What you should do: Omit the images and reproduce the rest of the entries exactly.

________________

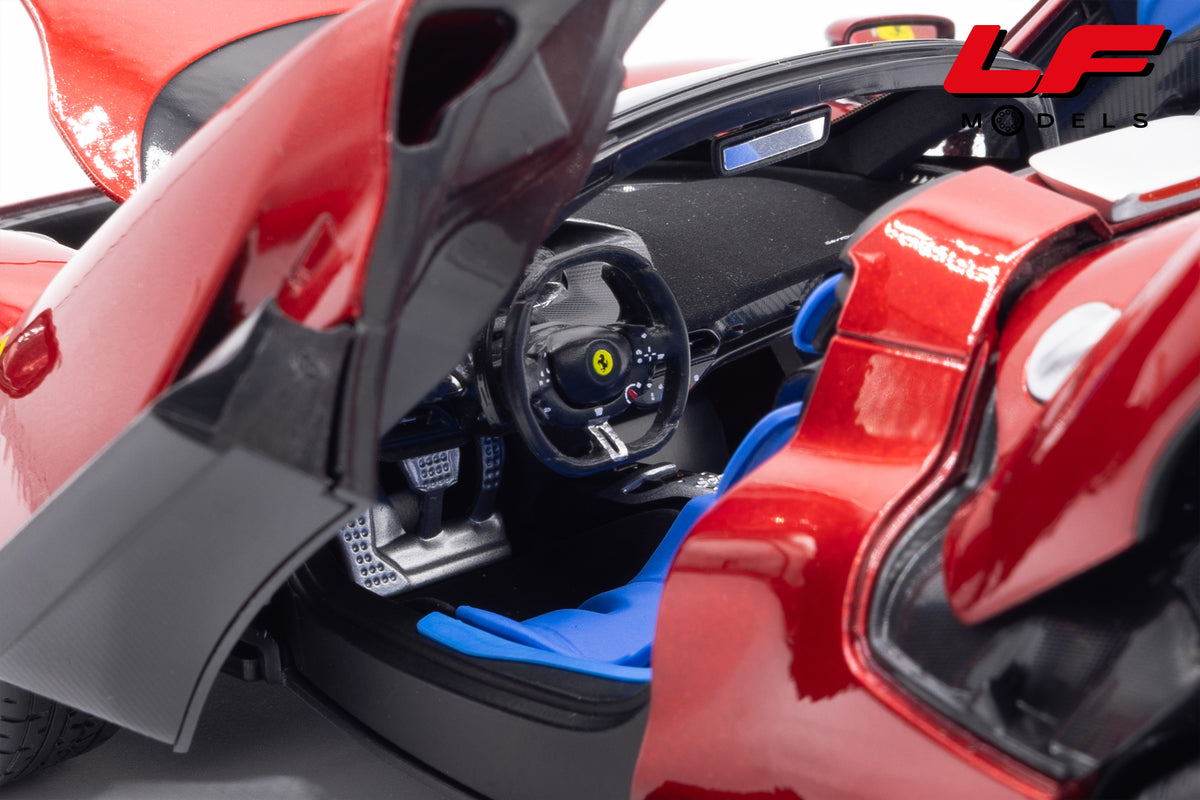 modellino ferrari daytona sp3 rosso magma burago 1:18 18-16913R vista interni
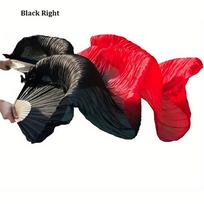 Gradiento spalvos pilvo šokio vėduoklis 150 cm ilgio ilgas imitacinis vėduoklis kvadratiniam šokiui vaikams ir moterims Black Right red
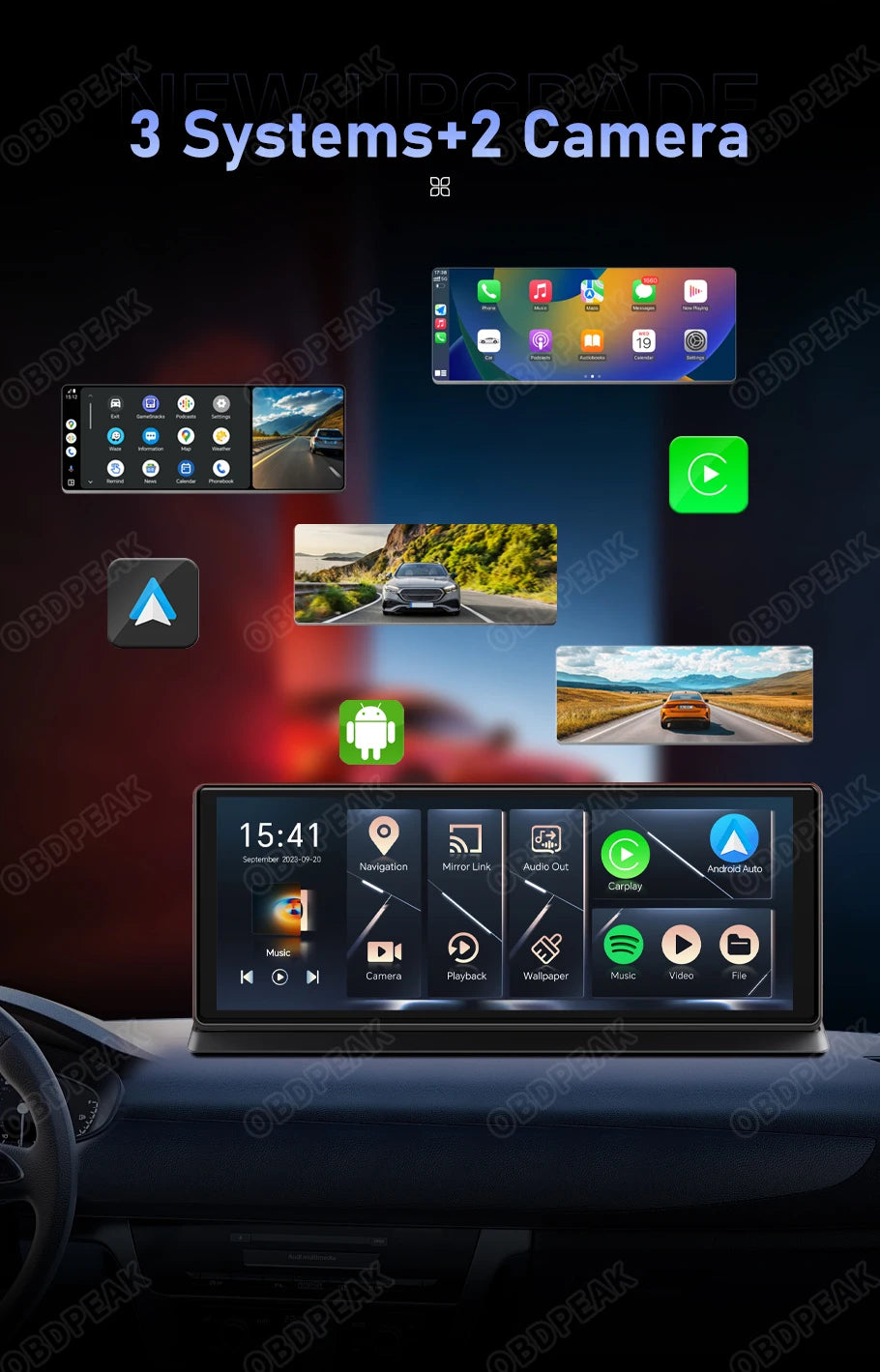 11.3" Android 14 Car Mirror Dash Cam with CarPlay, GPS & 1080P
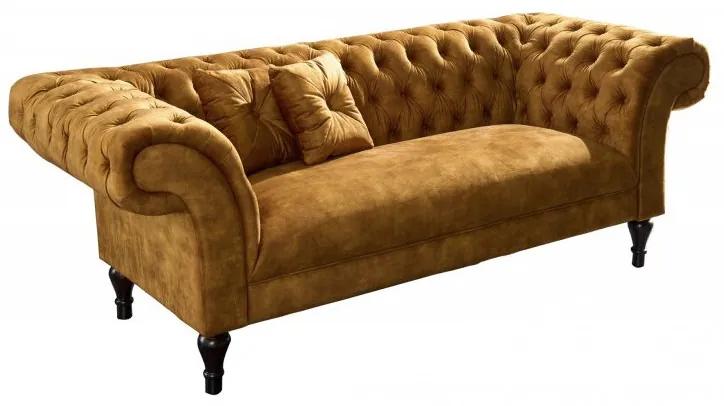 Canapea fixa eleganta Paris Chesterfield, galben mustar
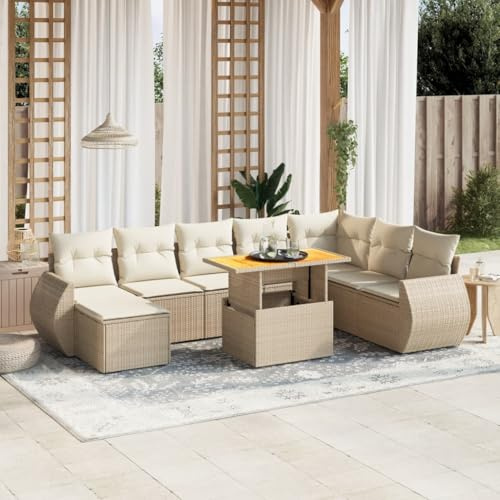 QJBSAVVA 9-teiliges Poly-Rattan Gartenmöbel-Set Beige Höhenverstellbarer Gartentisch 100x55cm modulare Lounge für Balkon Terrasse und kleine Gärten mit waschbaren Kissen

________________

Response below:
 modellino ferrari daytona sp3 rosso magma burago 1:18 18-16913R vista interni
 Gradiento spalvos pilvo šokio vėduoklis 150 cm ilgio ilgas imitacinis vėduoklis kvadratiniam šokiui vaikams ir moterims Black Right red
 11.3" Android 14 Car Mirror Dash Cam with CarPlay, GPS & 1080P
 Canapea fixa eleganta Paris Chesterfield, galben mustar
 QJBSAVVA 9-teiliges Poly-Rattan Gartenmöbel-Set Beige Höhenverstellbarer Gartentisch 100x55cm modulare Lounge für Balkon Terrasse und kleine Gärten mit waschbaren Kissen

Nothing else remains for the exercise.